Once I got everything set up, I had great difficulty getting anyone's attention with my 10 watts. Everyone except Bob K2DRH seemed to be ignoring my direction. My own antennas use "Armstrong" rotors and getting out to rotate the antennas was painful every time, with the 50 mph winds and the snow. I made a number of QSO's by about 9 pm but nowhere near what I had expected. The antennas were very difficult to keep under control and the antenna masts were thrashing around vertically as well as horizontally. I almost lost them several times. I did have the tripod with my dish for 2304-and-up blow over and it bent the dish. Fortunately it didn't damage the feed. I just took that part of the setup down for attempted repair later.

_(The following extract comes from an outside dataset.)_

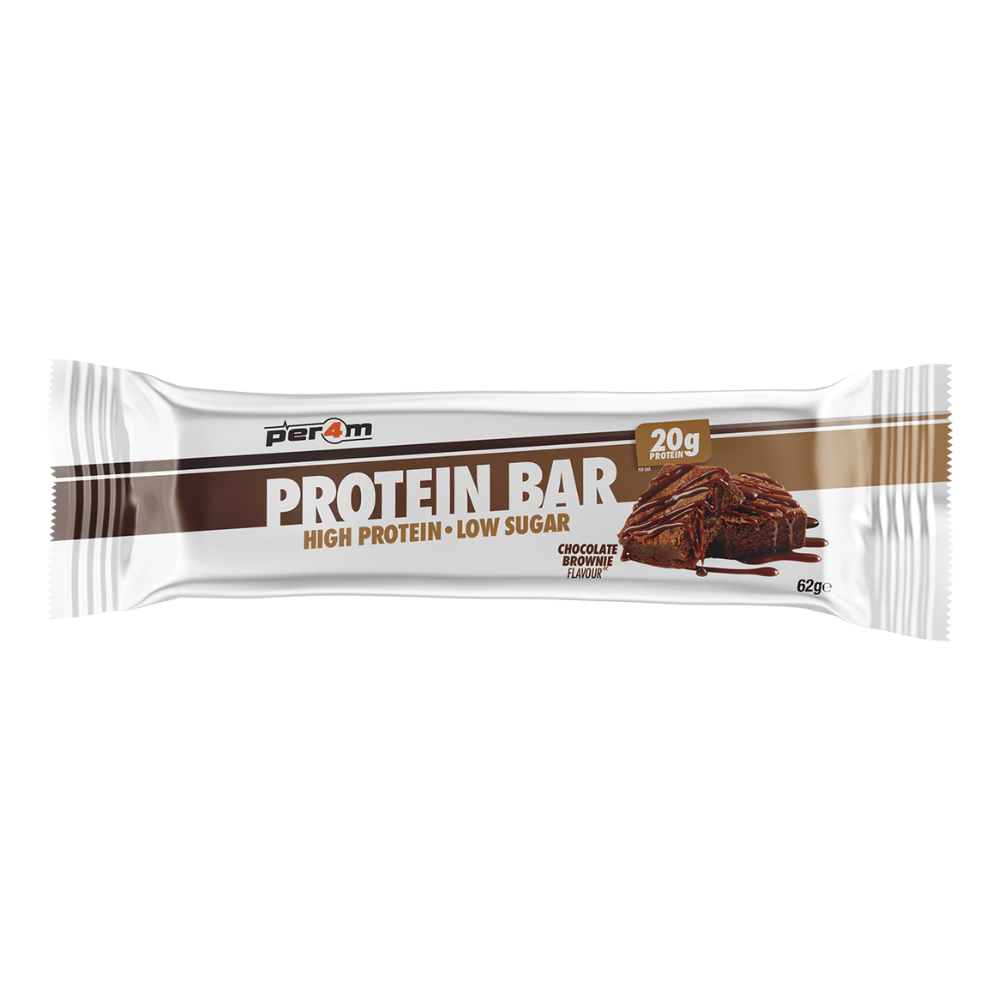 PER4M Low-Sugar Chocolate Brownie Batter Flavoured Protein Bars - Single 62g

I decided Saturday night at about 9:30 pm to head into Gibson City, IL, about 10 miles east of where I was, to rent a motel room for the night. I secured the antennas the best I could and hoped they would stay up overnight. At the motel, I managed to bend the dish back into something pretty close to straight. I also recharged my battery. Seems they run down faster when the temperature is around freezing!
I got up the next morning at about 7 AM and made my way back to the hill. I think the temperature was about 15 degrees then and the wind was still bad, but not quite as bad. Maybe gusting to 35 mph. Being outside in it was still painful. The antennas had survived the night and I got everything set up again.
I managed to make some more QSO's on Sunday but it was rough. There were times when I sat for almost two hours without a QSO. My average number of QSO's was about 2 1/2 per hour when I figured it out later. I managed to make one QSO on 2304 and one on 3456 on Sunday with K2DRH. The people I usually work on 5760 and 10368 were nowhere to be found by me, so I didn't get to try those bands this time. Band conditions to me were pretty dismal for the entire time I participated in this contest; I have never seen them worse than this.
At about 4 pm I decided I'd had enough and packed everything up and headed home. It took as long to get the antennas down as it did to put them up.
A couple of notes I made to myself were: (1) Find some pens that write in temperatures below freezing. The typical ballpoint just won't do that; and (2) try to figure out how to keep the stakes that hold antenna mast guy ropes from freezing into the ground in winter operations. I managed to get them loose by putting on vise-grips and rotating while pulling till they came out.
When it was done, I'd made 36 QSO's total and had 1850 points. It took a couple days to recover from finger frostbite. I may or may not do this again; if we'd had phenomenal conditions like we did in the August UHF contest it would've been worth it. At least in June I don't have the same weather to contend with. Just thunderstorms and possible tornadoes.